Every year in Davos, the World Economic Forum holds a meeting of thought leaders, and sages. However, their track record in predicting the future has been dismal. Unfortunately, they failed to predict the impending financial crises in 2008- almost all of the world's top notch economists had not foreseen the debacle. Martin Wolf of the FT writes that the uprising in Egypt and other countries showed how political experts were as bad as economist in their failure to predict what lay in store even a few days before the jasmine revolution broke out.

Economists are not alone in failing to forecast the future but they do feel the weatherman has an easier job; one because the weather patterns follow certain physical immutable laws and therefore past data and experience play a big role and further more weather forecasts are made just for 4-5 days. In contrast, economists have to make long term predictions and extrapolation of the past is not reliable anymore because everything in the equation - resources, people, natural disasters, technology are changing constantly and rapidly. Unfortunately, science too has had a poor showing in warning us of the South Asian tsunami and the Icelandic volcano eruption.

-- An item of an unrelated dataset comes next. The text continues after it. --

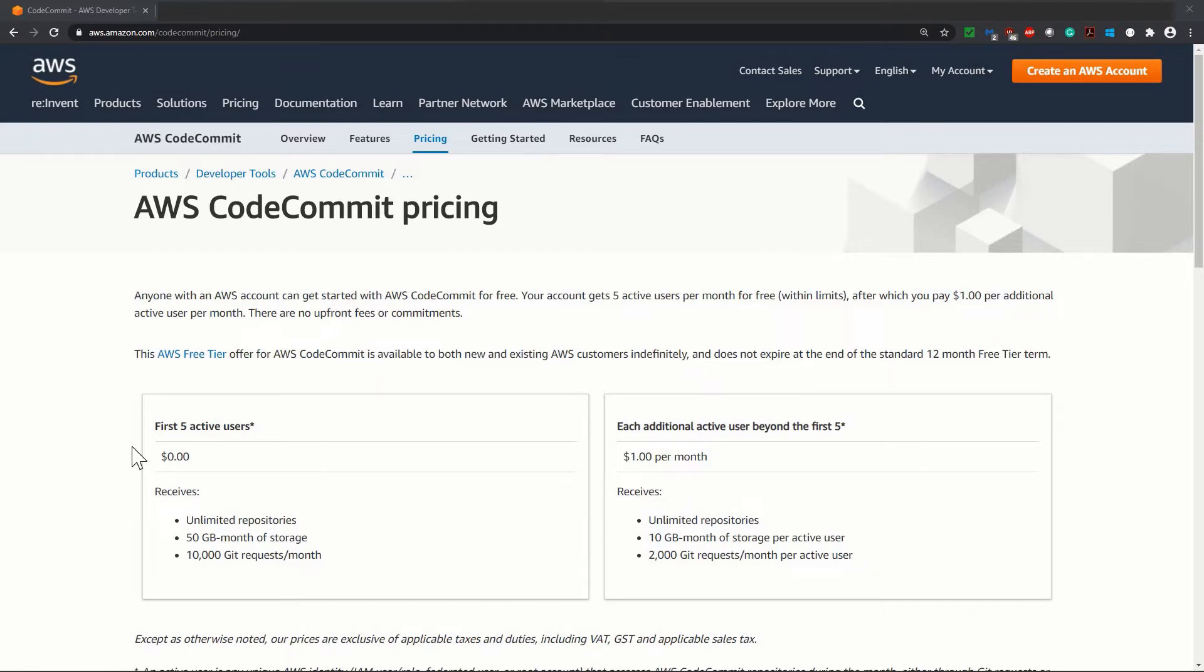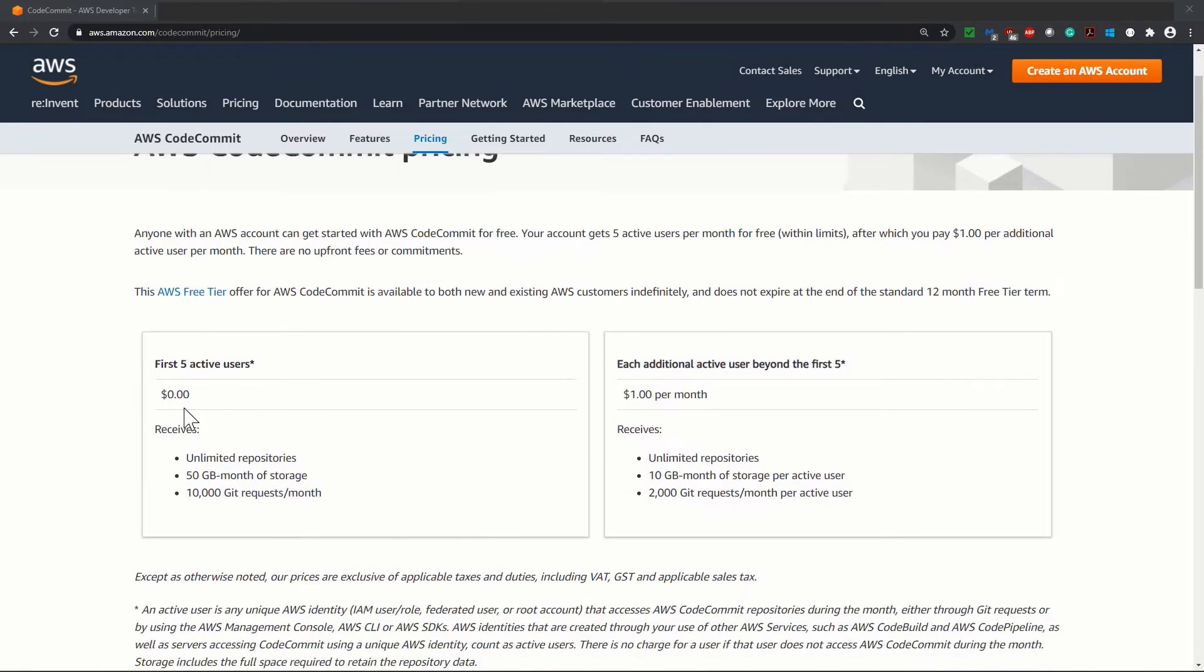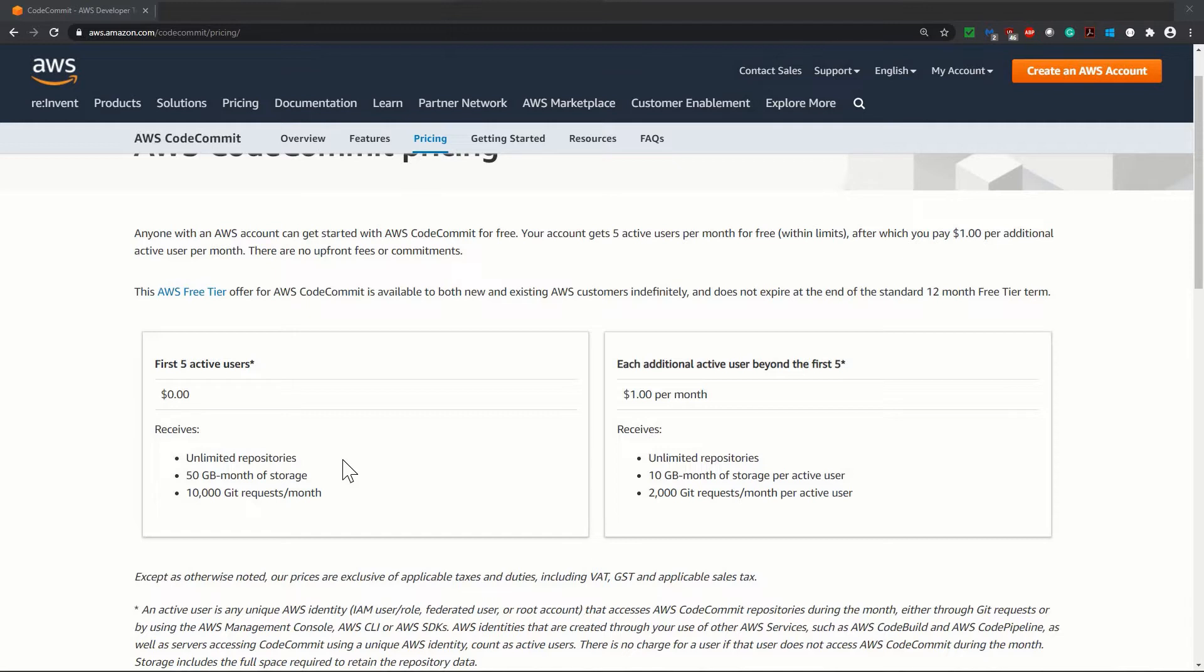It says that the first five active users have no cost. You receive unlimited repositories, 50 GB month of storage, and 10,000 Git requests per month. This is more than enough if you are practicing with AWS.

The science of forecasting has been about extrapolating the past. This worked well when rate of change was slow. It looks like that model is obsolete with so many disruptive changes, technology in particular. The obsolescence rate in every sector is rising because of the technological advances that are changing every industry. Did big record labels predict Napster, and itunes, did book stores see Amazon stalking them from behind under a totally different guise. Digitisation changed photography and nobody knows how to differentiate between a camera and a phone and a music player and now my Nano watch can play my favourite music.

Companies too cannot forecast how markets will change and how new products will change demand patterns. Earlier in Closed Innovation systems, companies had control over their R&D and the new products and services generated. Now with Open Innovation, firms do use external as well as internal ideas. They cannot afford to rely entirely on their own research and instead buy or license processes or inventions from other companies. As a result, final innovations are often a synthesis of two or more ideas originating from different sources. Open innovation creates unpredictability for companies and long term forecasting is difficult if not impossible.

All this change is not without its impact on our values - they are changing too - the lines between right and wrong, hero and villain, evil and good are getting blurred and it is difficult to say when the tipping point will be reached and consumers will rise and march to a different beat.

In the 70s the rise of Japan was a reality and nobody could see otherwise, in the 90s the miracle economies of the Southeast Asian Tigers were a force to reckon with - well, economists have been the worst predictors of the future. Hope they have got the story of Emerging Markets right.

In a world where nothing is as it seems, how does one forecast the future?